Functions such as $\displaystyle z=f(x)=c * x $, where $\displaystyle c$ is a constant value, are referred to as linear functions. Given an input $\displaystyle u+v$ the function output $\displaystyle z=f(u+v)=c*(u+v)=c*u+c*v=f(u)+f(v)$, a linear combination of the output from the separate inputs. This property, gives us the first condition of what is considered a linear function.

Another property is that if you multiply the input by some constant value, $\displaystyle k$,

$\displaystyle z=f(kx)=c*kx=kf(x)$

The results are just our original function results (before multiplying our input with the constant value) multiplied by our constant value. This property gives us the second condition of what is considered a linear function.

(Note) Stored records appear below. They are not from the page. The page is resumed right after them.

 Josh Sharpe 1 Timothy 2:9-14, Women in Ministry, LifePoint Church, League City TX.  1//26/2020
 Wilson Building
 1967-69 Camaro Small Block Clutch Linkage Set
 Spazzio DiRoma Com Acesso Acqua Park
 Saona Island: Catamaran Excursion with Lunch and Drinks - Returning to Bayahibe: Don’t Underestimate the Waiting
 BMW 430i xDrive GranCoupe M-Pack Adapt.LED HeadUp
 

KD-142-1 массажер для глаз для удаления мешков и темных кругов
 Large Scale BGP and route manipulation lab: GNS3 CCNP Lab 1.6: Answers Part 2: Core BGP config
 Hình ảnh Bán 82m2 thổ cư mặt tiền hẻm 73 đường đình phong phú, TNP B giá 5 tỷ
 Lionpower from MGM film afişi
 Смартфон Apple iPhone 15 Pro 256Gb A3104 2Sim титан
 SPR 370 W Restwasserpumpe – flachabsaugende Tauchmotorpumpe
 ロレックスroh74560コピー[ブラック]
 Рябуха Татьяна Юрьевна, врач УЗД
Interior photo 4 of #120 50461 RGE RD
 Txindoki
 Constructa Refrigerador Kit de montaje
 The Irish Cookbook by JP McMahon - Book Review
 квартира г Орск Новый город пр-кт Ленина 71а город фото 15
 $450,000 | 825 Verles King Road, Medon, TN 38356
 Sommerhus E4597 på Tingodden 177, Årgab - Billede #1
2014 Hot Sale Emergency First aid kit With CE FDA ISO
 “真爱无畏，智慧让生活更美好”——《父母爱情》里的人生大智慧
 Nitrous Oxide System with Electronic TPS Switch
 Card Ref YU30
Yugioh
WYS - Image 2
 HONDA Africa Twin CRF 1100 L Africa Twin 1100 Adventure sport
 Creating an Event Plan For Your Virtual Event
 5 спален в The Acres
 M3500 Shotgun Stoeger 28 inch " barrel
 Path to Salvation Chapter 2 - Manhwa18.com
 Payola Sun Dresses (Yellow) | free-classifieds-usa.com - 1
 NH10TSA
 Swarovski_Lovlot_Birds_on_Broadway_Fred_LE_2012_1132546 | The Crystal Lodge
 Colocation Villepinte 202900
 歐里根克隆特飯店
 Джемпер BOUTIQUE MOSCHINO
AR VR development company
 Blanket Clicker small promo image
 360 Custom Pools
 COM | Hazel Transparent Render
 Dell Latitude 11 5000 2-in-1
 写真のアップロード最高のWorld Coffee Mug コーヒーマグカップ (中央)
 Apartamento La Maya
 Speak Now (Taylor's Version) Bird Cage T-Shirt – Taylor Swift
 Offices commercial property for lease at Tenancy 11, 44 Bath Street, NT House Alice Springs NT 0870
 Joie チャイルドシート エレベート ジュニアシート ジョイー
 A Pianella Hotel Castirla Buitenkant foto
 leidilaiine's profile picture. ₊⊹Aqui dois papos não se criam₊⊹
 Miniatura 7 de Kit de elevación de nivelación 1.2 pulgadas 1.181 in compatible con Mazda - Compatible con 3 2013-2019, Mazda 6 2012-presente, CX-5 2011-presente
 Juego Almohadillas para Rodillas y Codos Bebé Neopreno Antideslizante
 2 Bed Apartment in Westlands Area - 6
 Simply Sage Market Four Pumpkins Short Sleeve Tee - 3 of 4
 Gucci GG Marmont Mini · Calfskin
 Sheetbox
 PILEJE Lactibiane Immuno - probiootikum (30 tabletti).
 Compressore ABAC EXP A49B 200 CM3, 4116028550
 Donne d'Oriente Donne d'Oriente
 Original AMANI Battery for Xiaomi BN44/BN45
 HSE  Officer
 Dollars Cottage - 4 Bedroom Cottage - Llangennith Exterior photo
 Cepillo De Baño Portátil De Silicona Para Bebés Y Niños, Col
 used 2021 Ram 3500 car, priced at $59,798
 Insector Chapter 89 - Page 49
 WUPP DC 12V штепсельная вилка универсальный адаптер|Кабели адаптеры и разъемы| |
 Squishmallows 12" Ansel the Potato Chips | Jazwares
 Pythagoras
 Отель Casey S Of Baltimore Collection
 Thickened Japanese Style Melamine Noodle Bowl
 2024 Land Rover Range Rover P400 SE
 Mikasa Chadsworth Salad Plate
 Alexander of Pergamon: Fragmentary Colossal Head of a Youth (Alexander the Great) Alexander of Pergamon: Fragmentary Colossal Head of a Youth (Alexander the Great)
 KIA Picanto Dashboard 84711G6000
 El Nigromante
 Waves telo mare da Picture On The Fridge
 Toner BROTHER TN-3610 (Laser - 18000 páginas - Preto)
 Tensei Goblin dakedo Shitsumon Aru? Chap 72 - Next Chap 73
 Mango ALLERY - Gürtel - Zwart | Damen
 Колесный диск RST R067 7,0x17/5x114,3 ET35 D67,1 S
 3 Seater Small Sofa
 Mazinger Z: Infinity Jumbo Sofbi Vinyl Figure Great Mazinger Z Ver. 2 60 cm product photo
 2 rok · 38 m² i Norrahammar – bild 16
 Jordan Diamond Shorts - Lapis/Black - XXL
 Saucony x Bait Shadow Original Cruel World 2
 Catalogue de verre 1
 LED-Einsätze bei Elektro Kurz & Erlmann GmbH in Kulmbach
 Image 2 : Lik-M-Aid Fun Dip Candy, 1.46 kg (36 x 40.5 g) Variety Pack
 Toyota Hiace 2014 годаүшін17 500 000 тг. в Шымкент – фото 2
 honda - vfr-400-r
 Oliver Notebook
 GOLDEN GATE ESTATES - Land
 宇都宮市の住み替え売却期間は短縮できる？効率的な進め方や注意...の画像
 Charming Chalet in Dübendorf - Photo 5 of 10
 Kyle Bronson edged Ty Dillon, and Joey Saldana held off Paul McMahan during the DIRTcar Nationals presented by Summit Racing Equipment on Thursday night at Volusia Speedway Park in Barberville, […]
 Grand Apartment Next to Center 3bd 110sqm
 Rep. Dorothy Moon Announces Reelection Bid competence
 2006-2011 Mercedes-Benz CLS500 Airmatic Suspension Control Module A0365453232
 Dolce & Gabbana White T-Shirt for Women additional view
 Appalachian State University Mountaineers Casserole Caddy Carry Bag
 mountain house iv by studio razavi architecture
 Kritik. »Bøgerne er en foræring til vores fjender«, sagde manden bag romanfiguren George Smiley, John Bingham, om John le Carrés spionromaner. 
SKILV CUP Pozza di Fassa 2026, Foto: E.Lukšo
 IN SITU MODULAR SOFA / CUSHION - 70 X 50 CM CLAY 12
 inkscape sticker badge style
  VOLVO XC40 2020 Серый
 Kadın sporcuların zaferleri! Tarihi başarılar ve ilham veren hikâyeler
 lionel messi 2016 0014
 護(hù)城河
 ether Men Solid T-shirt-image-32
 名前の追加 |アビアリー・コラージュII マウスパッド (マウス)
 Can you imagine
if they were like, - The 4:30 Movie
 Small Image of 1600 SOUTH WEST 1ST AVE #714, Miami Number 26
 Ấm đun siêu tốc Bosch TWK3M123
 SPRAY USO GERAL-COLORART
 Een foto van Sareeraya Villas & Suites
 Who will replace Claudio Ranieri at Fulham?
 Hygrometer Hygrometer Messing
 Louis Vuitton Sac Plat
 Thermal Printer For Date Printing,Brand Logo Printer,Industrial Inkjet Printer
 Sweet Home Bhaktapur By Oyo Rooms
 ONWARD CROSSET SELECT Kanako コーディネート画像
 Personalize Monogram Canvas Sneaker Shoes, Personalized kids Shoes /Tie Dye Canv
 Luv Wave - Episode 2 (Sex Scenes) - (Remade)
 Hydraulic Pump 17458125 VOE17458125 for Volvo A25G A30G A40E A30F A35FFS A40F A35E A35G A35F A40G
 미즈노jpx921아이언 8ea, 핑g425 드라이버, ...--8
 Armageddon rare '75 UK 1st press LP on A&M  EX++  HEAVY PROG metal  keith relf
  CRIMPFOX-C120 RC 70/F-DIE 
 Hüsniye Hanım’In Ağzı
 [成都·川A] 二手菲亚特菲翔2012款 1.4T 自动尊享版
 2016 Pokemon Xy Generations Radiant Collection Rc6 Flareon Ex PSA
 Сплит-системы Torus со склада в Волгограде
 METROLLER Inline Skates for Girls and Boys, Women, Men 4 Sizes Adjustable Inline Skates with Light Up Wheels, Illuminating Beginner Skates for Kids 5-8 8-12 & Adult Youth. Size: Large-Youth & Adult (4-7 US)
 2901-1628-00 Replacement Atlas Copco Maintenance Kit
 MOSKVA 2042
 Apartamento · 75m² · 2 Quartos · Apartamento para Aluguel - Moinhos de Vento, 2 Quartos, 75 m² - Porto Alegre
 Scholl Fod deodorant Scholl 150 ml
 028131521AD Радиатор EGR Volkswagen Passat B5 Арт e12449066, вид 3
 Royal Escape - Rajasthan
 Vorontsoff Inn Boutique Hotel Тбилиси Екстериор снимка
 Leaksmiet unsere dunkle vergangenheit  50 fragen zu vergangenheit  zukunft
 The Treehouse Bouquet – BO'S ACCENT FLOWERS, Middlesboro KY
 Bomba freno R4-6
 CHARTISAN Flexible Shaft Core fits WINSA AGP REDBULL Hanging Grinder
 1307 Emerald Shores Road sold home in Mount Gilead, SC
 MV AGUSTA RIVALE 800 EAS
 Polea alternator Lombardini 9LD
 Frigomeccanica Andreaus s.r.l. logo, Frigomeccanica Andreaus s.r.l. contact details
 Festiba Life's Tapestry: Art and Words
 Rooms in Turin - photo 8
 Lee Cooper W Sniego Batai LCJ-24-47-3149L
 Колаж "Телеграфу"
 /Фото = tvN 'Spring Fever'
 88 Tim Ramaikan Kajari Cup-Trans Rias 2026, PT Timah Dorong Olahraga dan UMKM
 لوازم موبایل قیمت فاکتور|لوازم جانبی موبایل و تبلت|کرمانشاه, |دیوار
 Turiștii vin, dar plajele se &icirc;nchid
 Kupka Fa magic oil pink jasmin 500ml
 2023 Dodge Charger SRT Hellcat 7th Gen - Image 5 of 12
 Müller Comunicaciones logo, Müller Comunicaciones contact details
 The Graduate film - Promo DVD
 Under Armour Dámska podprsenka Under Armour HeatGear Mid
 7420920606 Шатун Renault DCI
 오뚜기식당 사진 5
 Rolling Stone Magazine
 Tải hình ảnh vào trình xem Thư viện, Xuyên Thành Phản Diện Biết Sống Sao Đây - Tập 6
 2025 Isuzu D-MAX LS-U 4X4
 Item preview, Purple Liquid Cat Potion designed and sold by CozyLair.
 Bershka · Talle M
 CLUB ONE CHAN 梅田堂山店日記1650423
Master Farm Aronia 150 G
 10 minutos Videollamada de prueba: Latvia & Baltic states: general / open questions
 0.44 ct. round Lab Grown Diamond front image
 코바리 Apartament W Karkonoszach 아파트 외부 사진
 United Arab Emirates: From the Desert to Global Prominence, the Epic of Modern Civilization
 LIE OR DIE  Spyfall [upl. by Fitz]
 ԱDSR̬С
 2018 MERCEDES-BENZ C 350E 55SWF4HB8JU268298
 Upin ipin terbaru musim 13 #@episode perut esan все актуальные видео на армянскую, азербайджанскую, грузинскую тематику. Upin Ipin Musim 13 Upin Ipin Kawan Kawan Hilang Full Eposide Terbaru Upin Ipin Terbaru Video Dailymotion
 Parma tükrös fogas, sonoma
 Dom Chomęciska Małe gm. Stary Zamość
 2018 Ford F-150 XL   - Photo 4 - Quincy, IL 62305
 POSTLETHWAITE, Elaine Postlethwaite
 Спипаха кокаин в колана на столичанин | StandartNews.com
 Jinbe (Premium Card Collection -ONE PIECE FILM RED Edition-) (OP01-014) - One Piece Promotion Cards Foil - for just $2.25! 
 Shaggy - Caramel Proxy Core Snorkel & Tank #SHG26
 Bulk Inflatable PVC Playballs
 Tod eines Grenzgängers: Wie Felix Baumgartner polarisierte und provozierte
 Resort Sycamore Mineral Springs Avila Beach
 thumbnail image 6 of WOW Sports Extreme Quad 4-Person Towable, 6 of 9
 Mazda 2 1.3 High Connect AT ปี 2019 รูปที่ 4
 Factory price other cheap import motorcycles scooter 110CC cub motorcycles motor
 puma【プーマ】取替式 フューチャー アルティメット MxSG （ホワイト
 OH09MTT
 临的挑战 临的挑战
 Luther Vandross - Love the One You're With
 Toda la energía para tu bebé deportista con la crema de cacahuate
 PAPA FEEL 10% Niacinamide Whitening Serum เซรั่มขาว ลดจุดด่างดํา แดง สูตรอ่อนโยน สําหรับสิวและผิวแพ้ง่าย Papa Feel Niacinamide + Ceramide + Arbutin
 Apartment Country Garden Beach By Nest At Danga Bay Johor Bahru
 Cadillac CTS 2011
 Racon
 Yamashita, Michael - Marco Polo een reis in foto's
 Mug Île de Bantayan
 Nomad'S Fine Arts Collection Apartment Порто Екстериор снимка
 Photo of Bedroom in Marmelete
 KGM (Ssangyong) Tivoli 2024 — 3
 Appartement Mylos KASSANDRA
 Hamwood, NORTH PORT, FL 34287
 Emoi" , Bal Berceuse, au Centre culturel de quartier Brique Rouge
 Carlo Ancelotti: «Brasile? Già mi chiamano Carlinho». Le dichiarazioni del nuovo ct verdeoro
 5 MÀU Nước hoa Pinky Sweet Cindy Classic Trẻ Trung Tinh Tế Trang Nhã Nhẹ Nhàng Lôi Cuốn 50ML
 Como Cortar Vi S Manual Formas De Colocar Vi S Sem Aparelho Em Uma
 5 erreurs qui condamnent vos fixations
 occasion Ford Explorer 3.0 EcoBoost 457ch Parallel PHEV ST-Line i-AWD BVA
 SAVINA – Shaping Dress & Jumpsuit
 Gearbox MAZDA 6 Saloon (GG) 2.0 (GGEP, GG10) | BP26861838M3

Therefore, a function is considered a linear function if it has the following properties;

$\displaystyle f(u+v)=f(u)+f(v)$
$\displaystyle f(ku)=c*ku=kf(u)$

Another form of linear functions are functions with the signature; $\displaystyle z=f(x, y)=f(x)+f(y)$. They are referred to as bi-linear functions. Our neural network function $\displaystyle z=w_{1}*x_{1}+w_{2}*x_{2}$, is a bi-linear function; That is;

$\displaystyle z=f(w_{1}*x, w_{2}*y)=f(w_{1}*x)+f(w_{2}*y)=w_{1}*f(x)+w_{2}*f(y)$

2. Matrices

Matrices are a large topic and it would not be possible to review it in its entirety. Here, I will try to review what is important to be able to understand matrix calculus.

A matrix is a “table” of rows and columns whose entries are numbers. In maths there is a special symbol to represent them. Examples are:

a matrix with 2 rows and 1 column $$ A= \begin{bmatrix} 9 \\ 11 \end{bmatrix} $$

The dimensions of the matrix are usually written out as, (rows x columns). In this case this would be (2x1) matrix. The symbol “x” is read as “by”

a matrix with 1 row and 2 columns

$$ A= \begin{bmatrix} 3 & 4 \end{bmatrix} $$

a matrix with 2 rows and 2 columns

$$ A= \begin{bmatrix} 1 & 2 \\ 3 & 4 \end{bmatrix} $$

General presentation of a matrix

In general matrices are denoted by upper-case letters such as $\displaystyle A$, $\displaystyle B$ and so on, while its elements are denoted by lower-case letters such as $\displaystyle a$, $\displaystyle b$ along with the element row and column position, for example $\displaystyle a_{ij}$ is the element at row $\displaystyle i$ and column $\displaystyle j$ of matrix A.

For example:

$$ A= \begin{bmatrix} a_{11} & a_{12} \\ a_{21} & a_{22} \end{bmatrix} $$$$ B= \begin{bmatrix} b_{11} & b_{12} \\ b_{21} & b_{22} \end{bmatrix} $$

Given some data, for example, X = (1, 3, 5), we can represent the data in matrix form in 2 ways;

$$ X= \begin{bmatrix} 1 & 3 & 5 \end{bmatrix} $$

$$ X= \begin{bmatrix} 1 \\ 3 \\ 5 \end{bmatrix} $$

the convention is to present the data in a colum matrix.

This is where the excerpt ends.